Los Angeles Asian Pacific Film Festival spotlights female filmmakers, Margaret Cho and more
Maya Erskine, who also stars on the Hulu series "Plus One," opposite Jack Quaid in the rom-com "Plus One," which will screen at the Los Angeles Asian Pacific Film Festival.

Among the more than 200 features and shorts set to unspool at this year’s Los Angeles Asian Pacific Film Festival are over a dozen by Southern California filmmakers and two dozen by international female filmmakers. Running Thursday through May 10, the festival’s 35th edition promises an array of world and area premieres of Asian and Asian American works, tributes to artists of screens big and small, and some feisty conversation.
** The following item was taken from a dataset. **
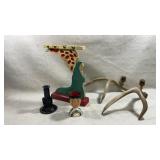 collection of vintage and folk art candleholders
“The opening and closing night offerings are both world premieres … written and directed by two female Asian Pacific American (also Filipina American) filmmakers,” says co-director David Magdael, who has worked on 23 editions of the festival presented by Asian American and Pacific Islander media artist organization Visual Communications since 1997. “Opening night — ‘Yellow Rose’ — written and directed by Diane Paragas, and closing night — ‘Empty by Design’ — written and directed by Andrea Walter, are both [from] first-time feature directors with a base of producers and actors who are Asian Pacific American and Asian international.”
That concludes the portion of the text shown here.